There may be a fly in the ointment.

When comparing floating point numbers how would join measure equality?
Should it consider 1.000000000000001e2 to be equal to 100.0 ?
What if the maximum precision available does not
allow us to distinguish those two values?

What about -0 and 0? (with IEEE 754, they'll compare equal)




Information forwarded to owner <at> debbugs.gnu.org, bug-coreutils <at> gnu.org:
bug#6366; Package coreutils. (Wed, 09 Jun 2010 07:34:02 GMT) Full text and rfc822 format available.

Message #21 received at 6366 <at> debbugs.gnu.org (full text, mbox):

From: Alex Shinn <alexshinn <at> gmail.com>
To: Jim Meyering <jim <at> meyering.net>
Cc: Pádraig Brady <P <at> draigbrady.com>, 6366 <at> debbugs.gnu.org
Subject: Re: bug#6366: join can't join on numeric fields
Date: Wed, 9 Jun 2010 16:33:06 +0900
On Wed, Jun 9, 2010 at 3:56 PM, Jim Meyering <jim <at> meyering.net> wrote:
>
> When comparing floating point numbers how would join measure equality?
> Should it consider 1.000000000000001e2 to be equal to 100.0 ?
> What if the maximum precision available does not
> allow us to distinguish those two values?

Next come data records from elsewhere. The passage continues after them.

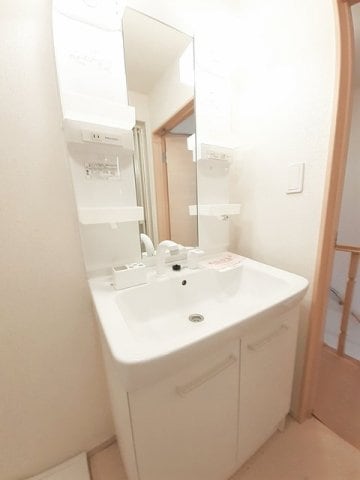 広い洗面スペース ヴィオラハウスＨａＭａ　Ⅱ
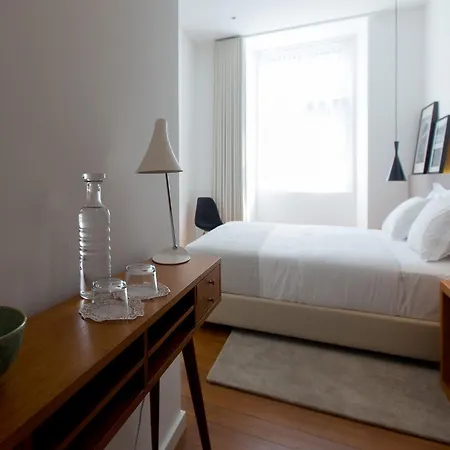 The 8 - Downtown Guest house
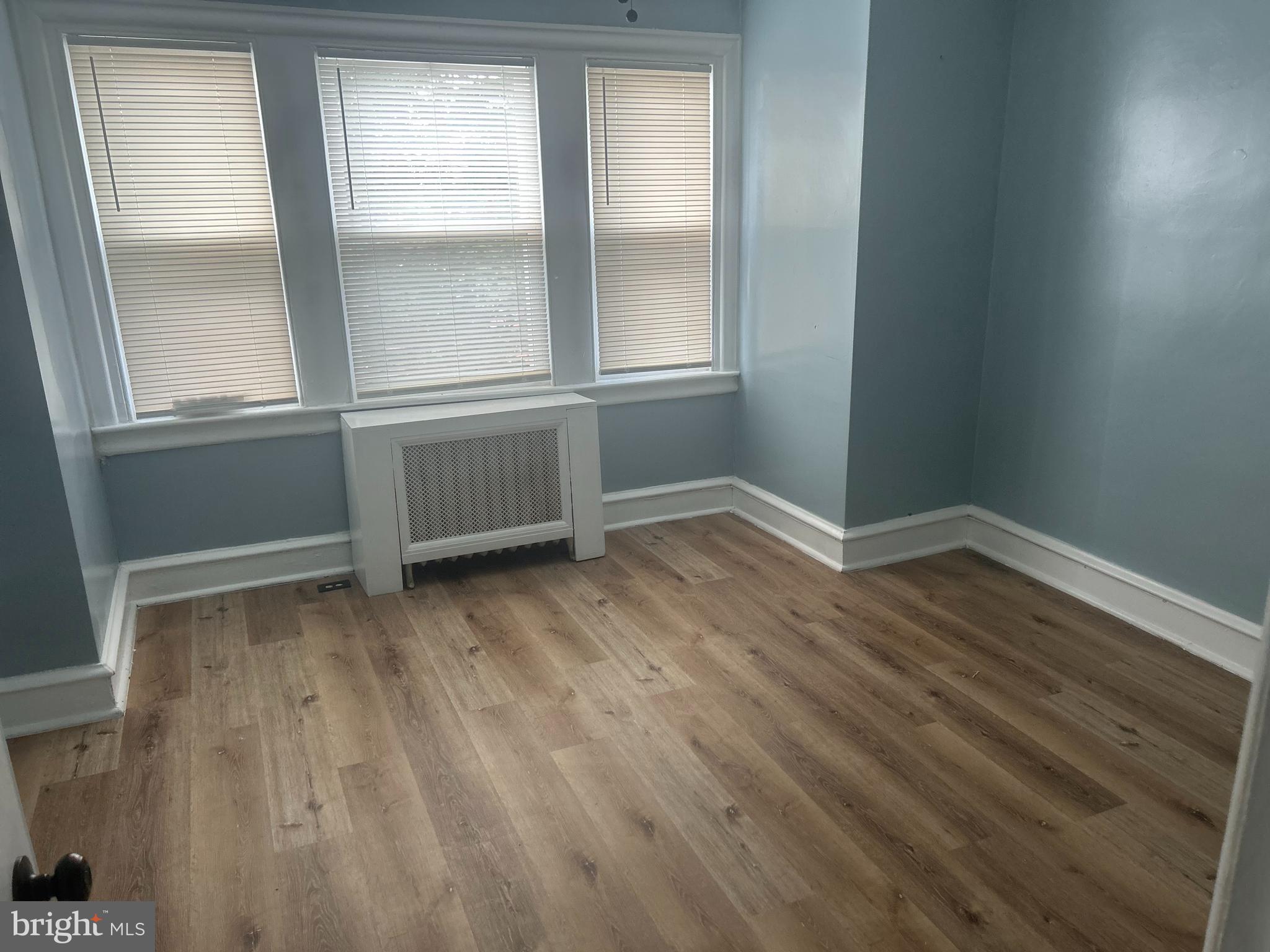 LAWNDALE - Residential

Indeed, that's why you generally don't use floating
point numbers as database keys.

We could either restrict the numbers to integers,
or continue to allow floats with a note to the effect
that float precision is machine-specific.  Personally
I have no need for floats so am happy with the former.

-- 
Alex




Information forwarded to owner <at> debbugs.gnu.org, bug-coreutils <at> gnu.org:
bug#6366; Package coreutils. (Wed, 09 Jun 2010 17:08:02 GMT) Full text and rfc822 format available.

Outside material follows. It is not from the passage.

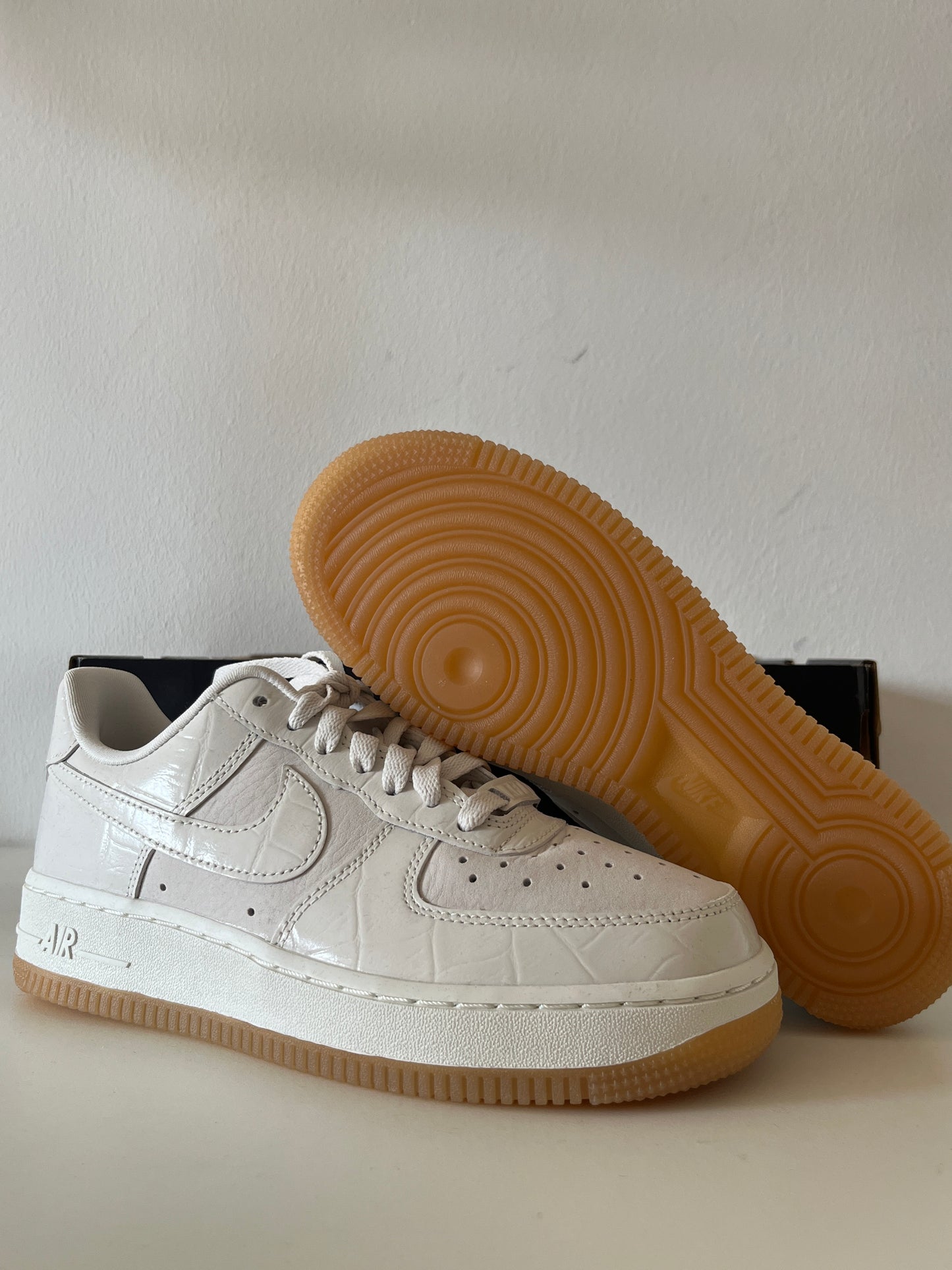 Nike Air Force 1 '07 in creme mit Schlangenmuster, Größe 36,5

Message #24 received at submit <at> debbugs.gnu.org (full text, mbox):

From: Paul Eggert <eggert <at> CS.UCLA.EDU>
To: bug-coreutils <at> gnu.org
Subject: Re: bug#6366: join can't join on numeric fields
Date: Wed, 09 Jun 2010 10:06:56 -0700
On 06/08/2010 11:56 PM, Jim Meyering wrote:

> There may be a fly in the ointment.
> 
> When comparing floating point numbers how would join measure equality?

The point is that "join" should be compatible with "sort".
Any option that "sort" has to compare fields,
is an option that "join" should also have.
The same code should be used for both "join" and "sort",
to do comparison.  So, if "sort" has an option to do
IEEE-754 comparison in a certain way, "join" should
have the same option.

Arguably "uniq" should have the same set of options,
when checking whether two lines are equal, but I'd
say that's lower priority.




Information forwarded to bug-coreutils <at> gnu.org:
bug#6366; Package coreutils. (Wed, 21 Mar 2012 16:41:03 GMT) Full text and rfc822 format available.

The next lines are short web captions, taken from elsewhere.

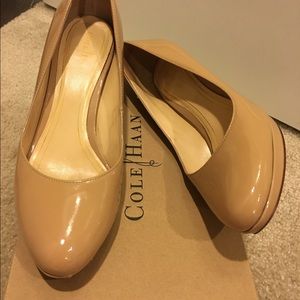 Auth Cole Haan patent leather Chelsea low pumps
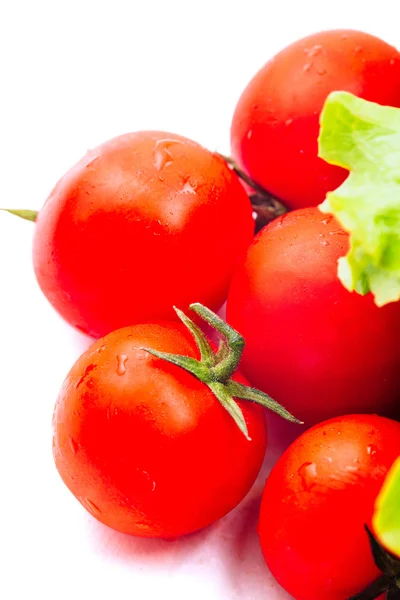 Kirschtomaten isoliert auf weiß — Stockfoto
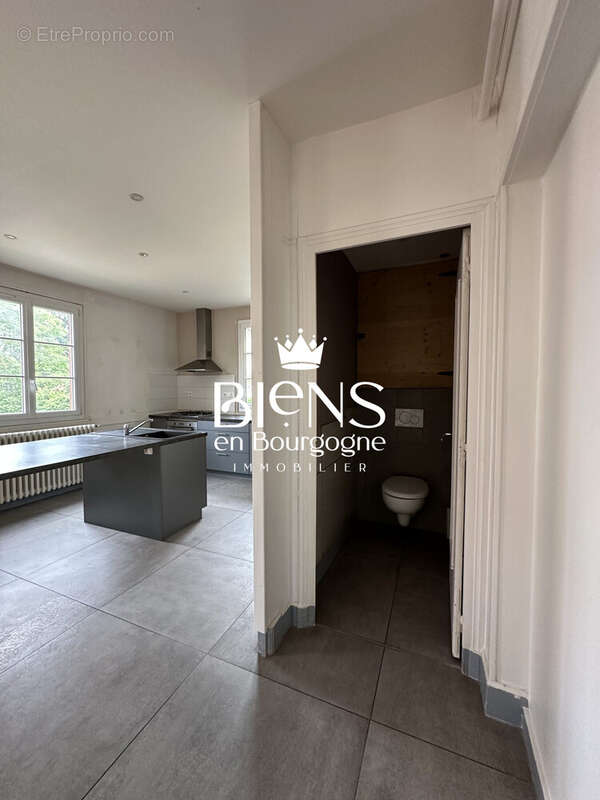Vue des toilettes - Appartement à LOUHANS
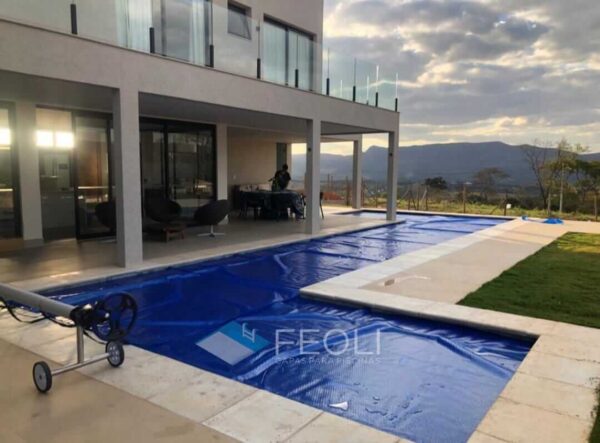 Capa térmica bolha para piscina – 300 micras - sob medida - Feoli Capas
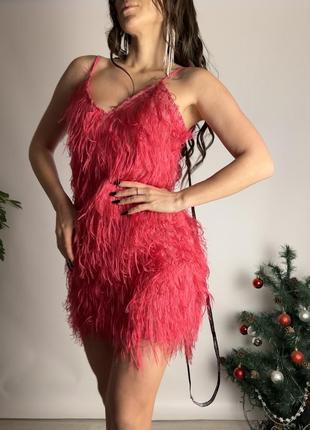 Эффектное платье в перьях от pretty little thing из лимитированной коллекции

Message #27 received at 6366 <at> debbugs.gnu.org (full text, mbox):

From: Drew Frank <ajfrank <at> ics.uci.edu>
To: 6366 <at> debbugs.gnu.org
Subject: join can't join on numeric fields
Date: Tue, 20 Mar 2012 22:34:38 -0700
[Message part 1 (text/plain, inline)]
Hi,

I've attached a patch that implements both "numeric sort" (-n) and "general
numeric sort" (-g).. I copied the relevant comparison code from sort.c to
ensure consistent behavior. Should these functions be extracted and put in
a shared header file, or is it okay to duplicate the code?

In terms of testing, I confirmed that the code correctly deals with
different single-byte thousand separators on my local machine, but I wasn't
sure how to exercise that in the test suite since I can't rely on everyone
having a particular locale available. How should that be handled?

I also updated the relevant docs.

Thanks,
Drew

P.S. I sent a previous version of the patch to the wrong address and
accidentally initiated a new bug thread (#10924). This patch supersedes the
previous.
[Message part 2 (text/html, inline)]
[join.numeric.sort.diff (text/x-patch, attachment)]

Information forwarded to bug-coreutils <at> gnu.org:
bug#6366; Package coreutils. (Wed, 22 Aug 2012 22:02:01 GMT) Full text and rfc822 format available.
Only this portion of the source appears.